→ DATA TO EXAMINE:
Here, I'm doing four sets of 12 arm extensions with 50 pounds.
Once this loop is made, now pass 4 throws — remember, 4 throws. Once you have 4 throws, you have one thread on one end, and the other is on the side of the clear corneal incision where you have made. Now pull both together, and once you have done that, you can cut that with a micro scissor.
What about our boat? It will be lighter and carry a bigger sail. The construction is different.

---

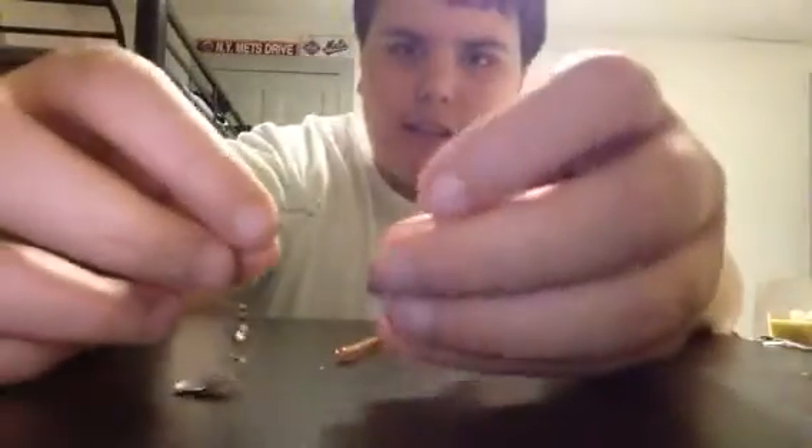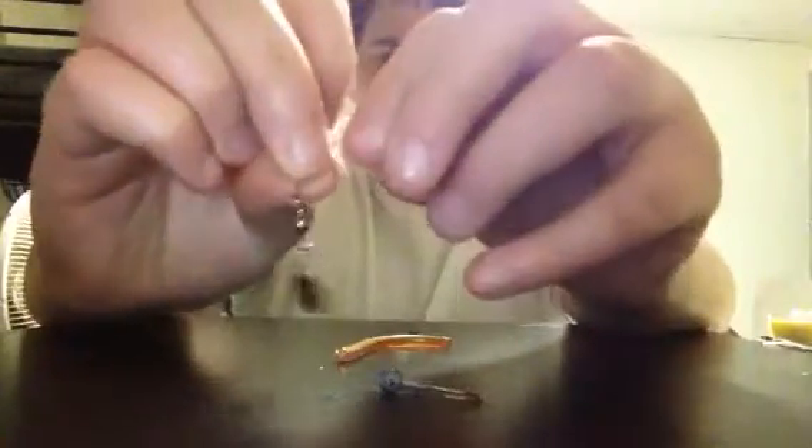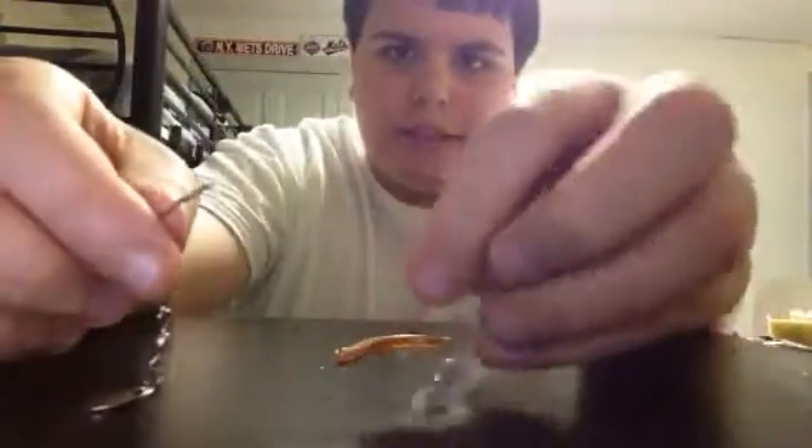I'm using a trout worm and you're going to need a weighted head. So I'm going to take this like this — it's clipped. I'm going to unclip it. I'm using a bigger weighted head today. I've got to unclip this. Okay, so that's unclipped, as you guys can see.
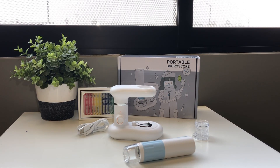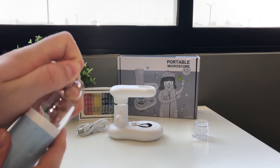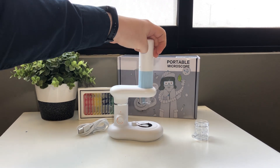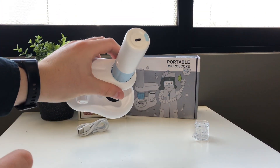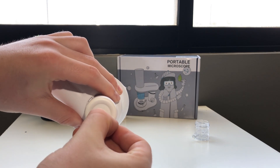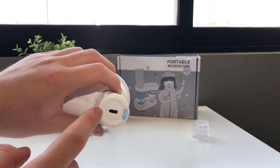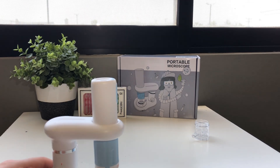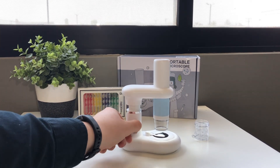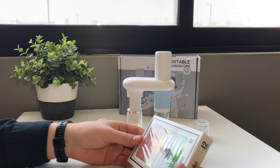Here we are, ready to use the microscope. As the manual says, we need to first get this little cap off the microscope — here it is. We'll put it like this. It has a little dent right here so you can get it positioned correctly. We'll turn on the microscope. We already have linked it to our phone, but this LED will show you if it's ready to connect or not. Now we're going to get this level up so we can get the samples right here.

→ ABOUT THIS EXERCISE:
Whenever a line of the data includes the word "with", show that line in full.

→ WRITTEN RESPONSE:
Here, I'm doing four sets of 12 arm extensions with 50 pounds.
Once this loop is made, now pass 4 throws — remember, 4 throws. Once you have 4 throws, you have one thread on one end, and the other is on the side of the clear corneal incision where you have made. Now pull both together, and once you have done that, you can cut that with a micro scissor.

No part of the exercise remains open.